# Data to use

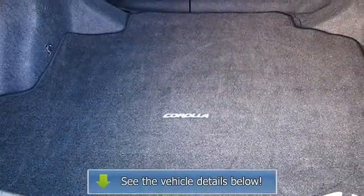AC, rear defrost, driver vanity mirror, passenger vanity mirror, auxiliary power outlet.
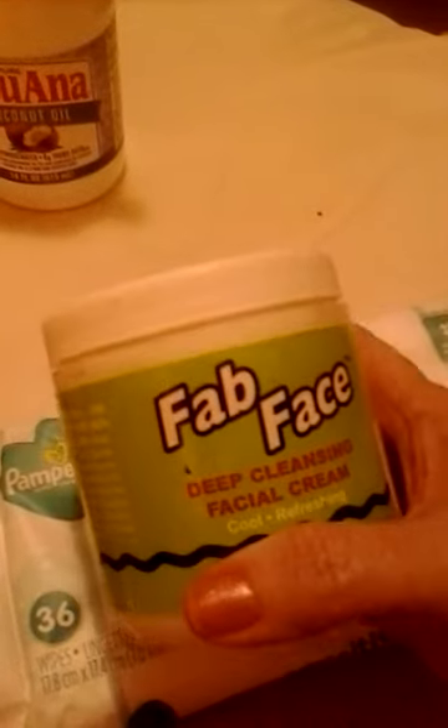When I wear makeup, I use either Pampers or Huggies wipes to remove it. About once a week I use a face cream — something like this FAD face cream, similar to Noxzema or Pond's cold cream — you can buy it at Family Dollar or Walmart.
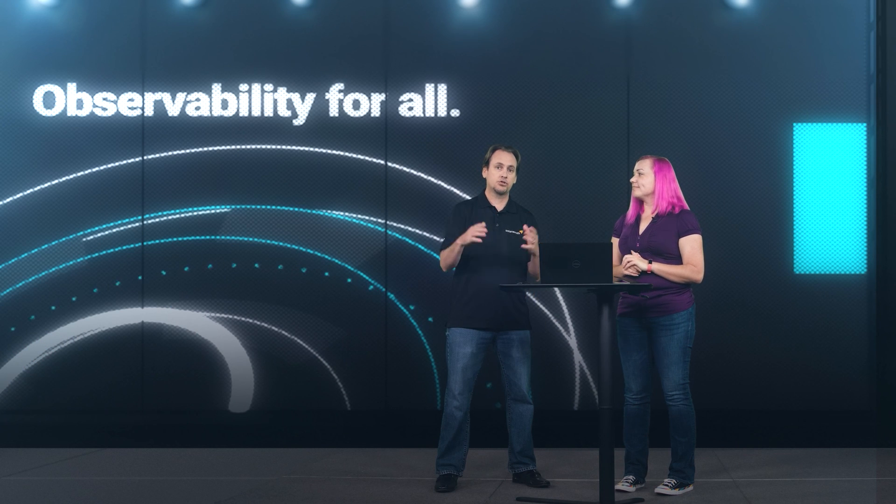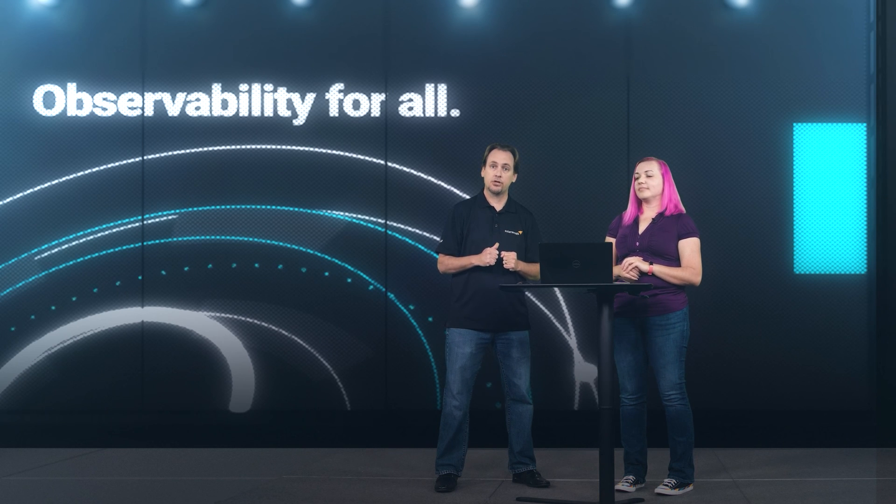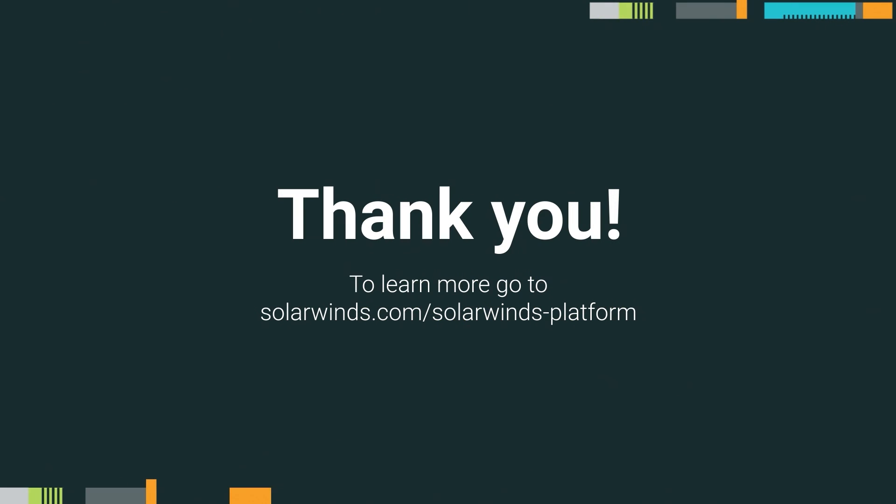Absolutely, and we look forward to many more great updates. As we release those, we'll make sure to update and share those with everybody. Thank you.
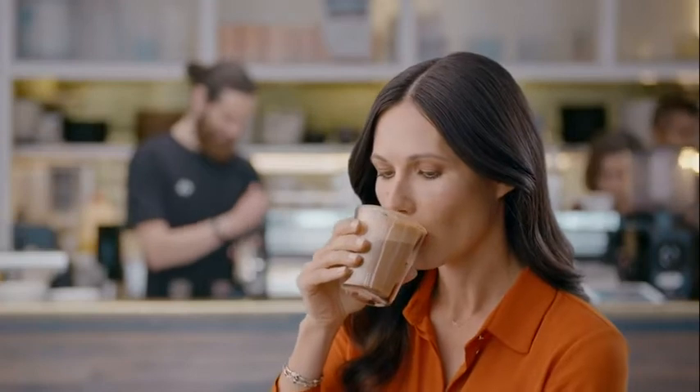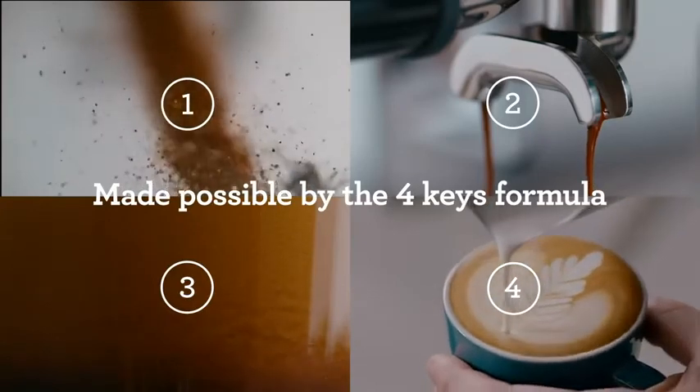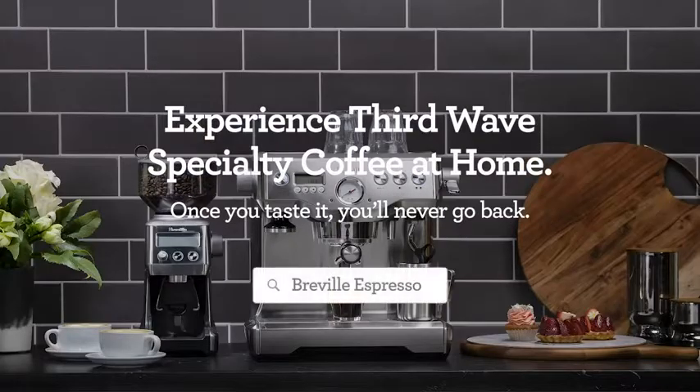Now you too can experience third wave specialty coffee at home with Breville's 4 Keys formula that replicates commercial machine performance. Taste the Breville difference today.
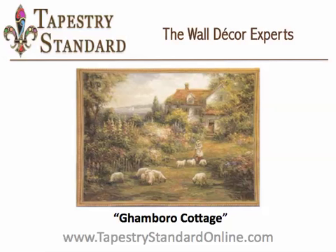Gambaro Cottage measures 40 inches long by 54 inches wide. The colors of this tapestry flow nicely with yellows, greens, and golds. It will stand out well against darker green shades.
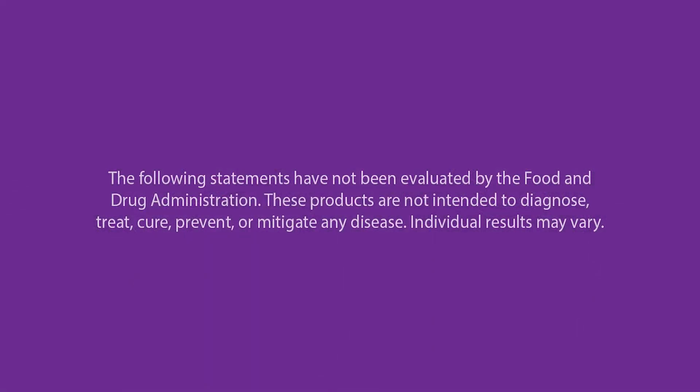All opinions expressed in this video are for informational purposes only and are not a substitute for professional medical advice. These statements have not been evaluated by the Food and Drug Administration. C60 Purple Power products are not intended to diagnose, treat, cure, mitigate, or prevent any disease. Individual results may vary.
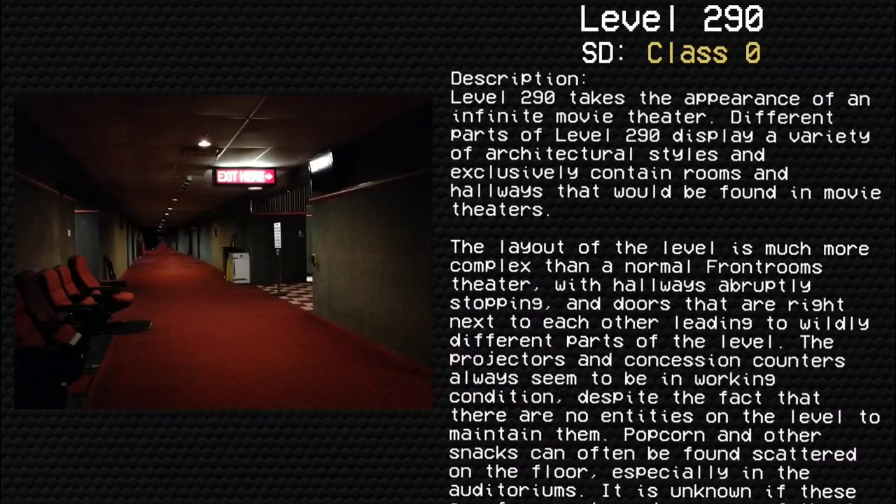Level 290. Survival difficulty: Class 0, Safe, Secure, Devoid of Entities. Description: Level 290 takes the appearance of an infinite movie theater. Different parts of Level 290 display a variety of architectural styles and exclusively contain rooms and hallways that would be found in movie theaters. The layout of the level is much more complex than a normal movie theater.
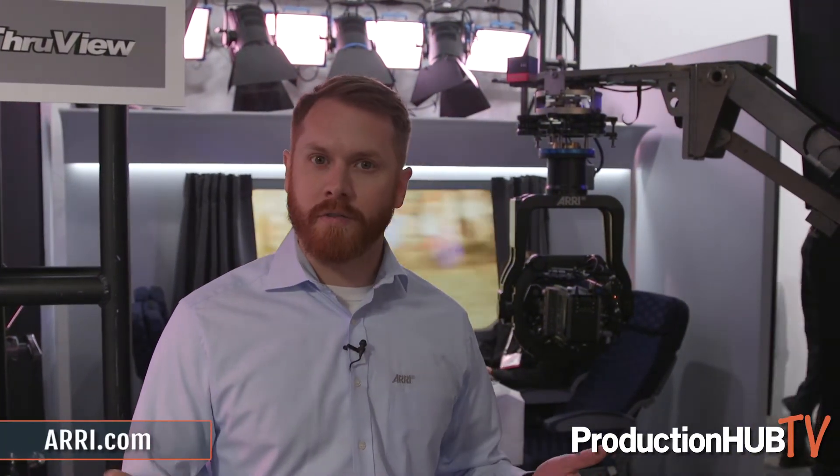Thanks very much for visiting us. If you want to find out more information, you can visit our website at www.arri.com. Thanks a lot.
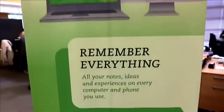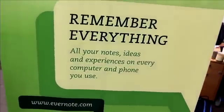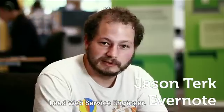Evernote is a service that helps you remember everything. We have clients on every platform — mobile, desktop, web — and it helps you capture your memories and then find them whenever you need them, whether they're web pages, notes, things you need to do, pictures, audio clips, anything you want. Evernote is basically everywhere that you need it to be.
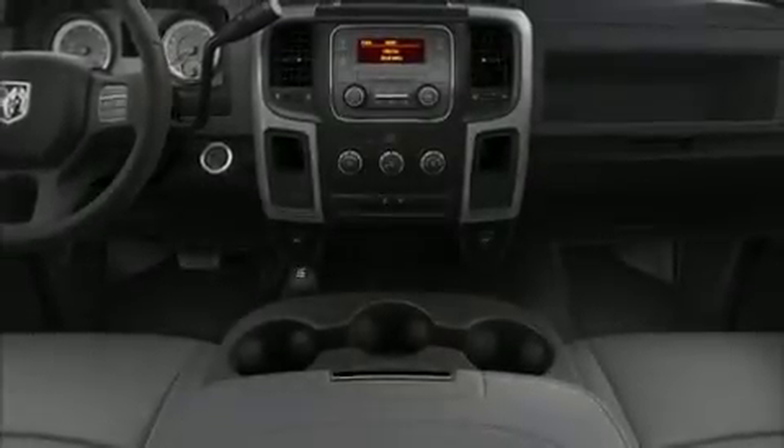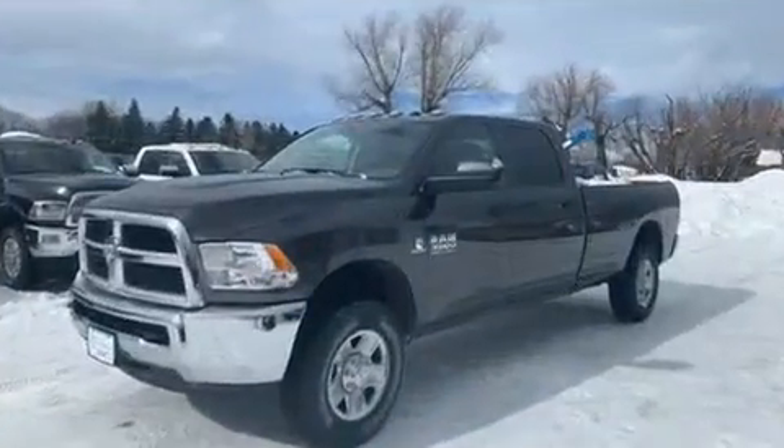Sensibility and practicality define the 2018 Ram 3500. This four-door, six-passenger truck is ready to drive off the showroom floor.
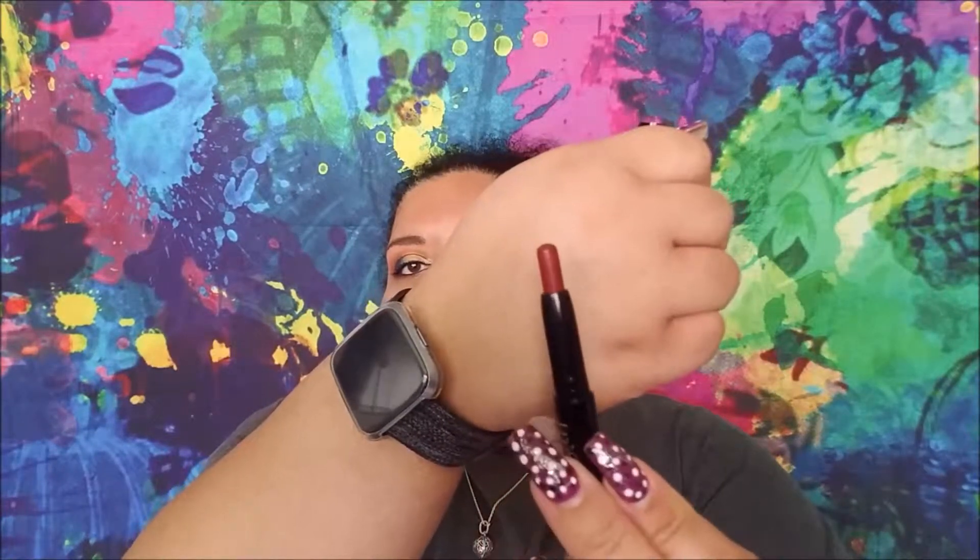I have not touched the Tristique Mini Lip Glaze in English Rose. I've got to get on that because there's not a lot left and I do like the color. So that's a goal for myself.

# Assignment
In the records above, copy exactly everything from the line that has "Now you too" down to the line that has "All opinions expressed", both ends included, and leave out the pictures.

# Solution for this task
Now you too can experience third wave specialty coffee at home with Breville's 4 Keys formula that replicates commercial machine performance. Taste the Breville difference today.
Gambaro Cottage measures 40 inches long by 54 inches wide. The colors of this tapestry flow nicely with yellows, greens, and golds. It will stand out well against darker green shades.
All opinions expressed in this video are for informational purposes only and are not a substitute for professional medical advice. These statements have not been evaluated by the Food and Drug Administration. C60 Purple Power products are not intended to diagnose, treat, cure, mitigate, or prevent any disease. Individual results may vary.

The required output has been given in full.